*** Begin section ***
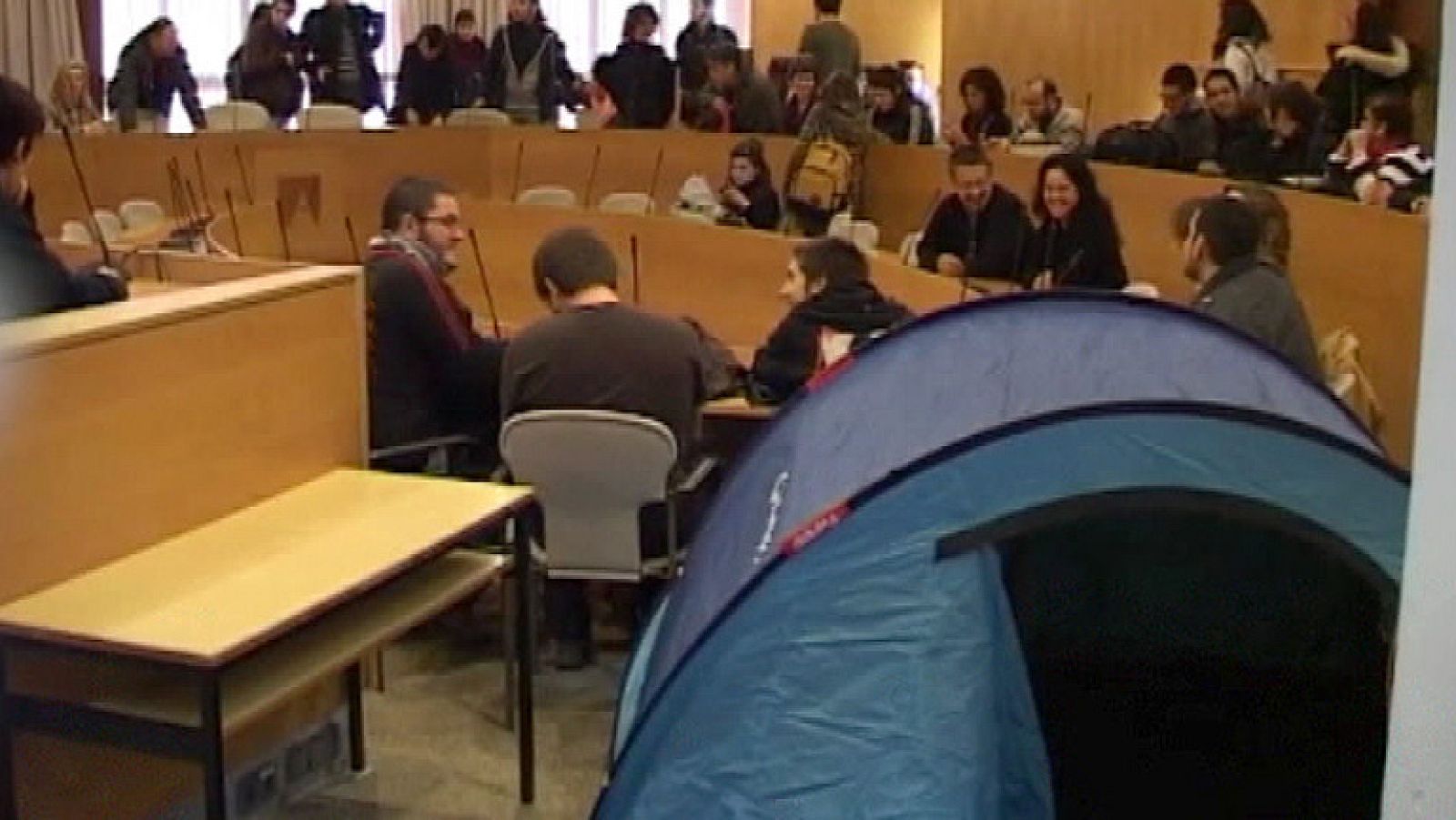 Movilizaciones en la comunidad educativa catalana contra los recortes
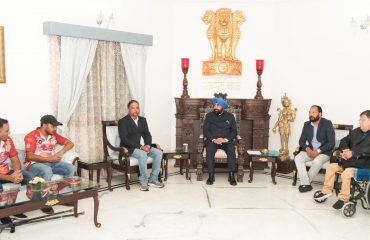 राजभवन में उत्तराखण्ड व्हीलचेयर क्रिकेट टीम के खिलाड़ियों से वार्ता करते हुए राज्यपाल।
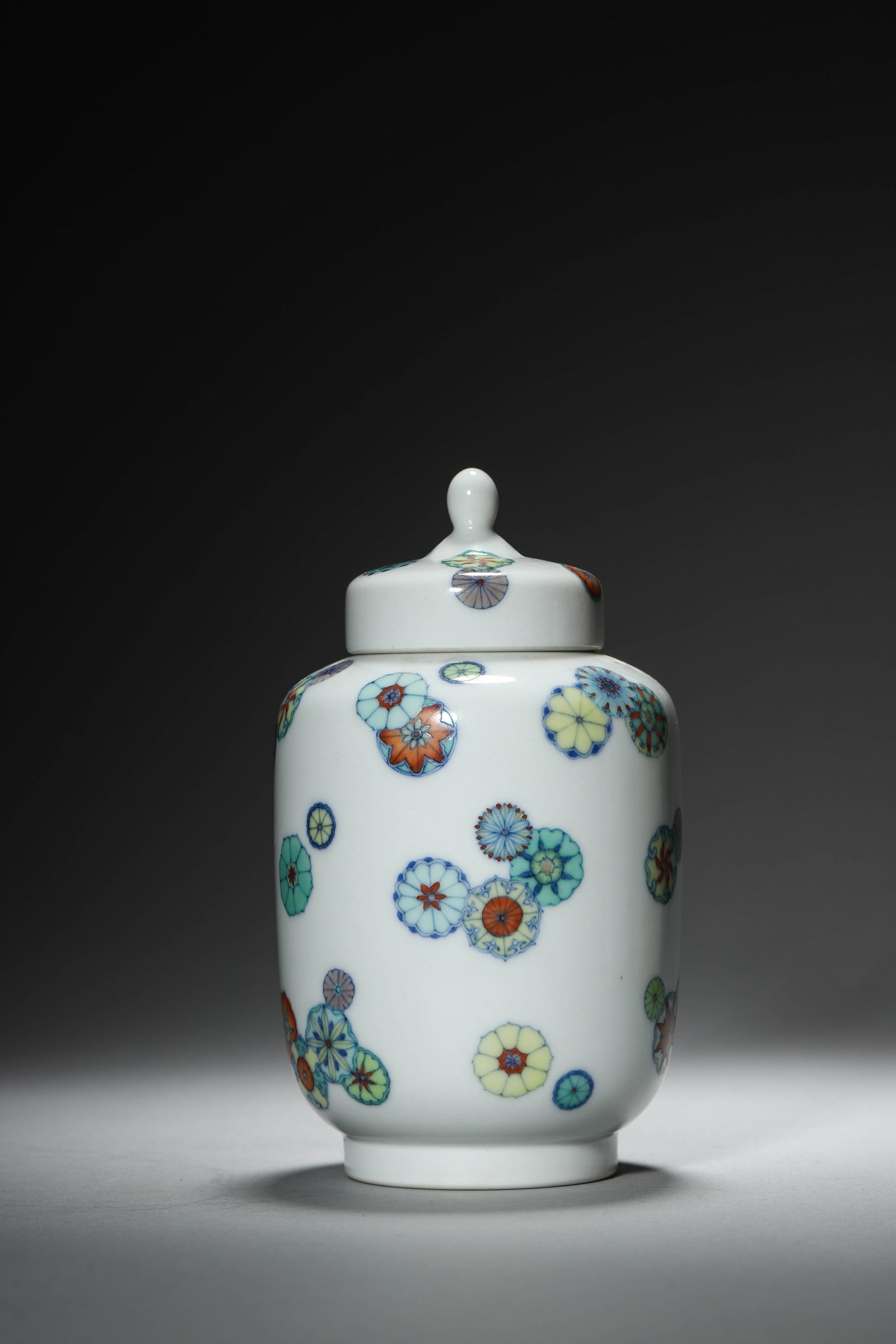 Doucai Glaze Flowers vase - 2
*** End section ***
• [Problem] Going from the line with "राजभवन में उत्तराखण्ड" to the last line of the listing, write out each line exactly and nothing else. Leave out all pictures.

• [Solution below]
 राजभवन में उत्तराखण्ड व्हीलचेयर क्रिकेट टीम के खिलाड़ियों से वार्ता करते हुए राज्यपाल।
 Doucai Glaze Flowers vase - 2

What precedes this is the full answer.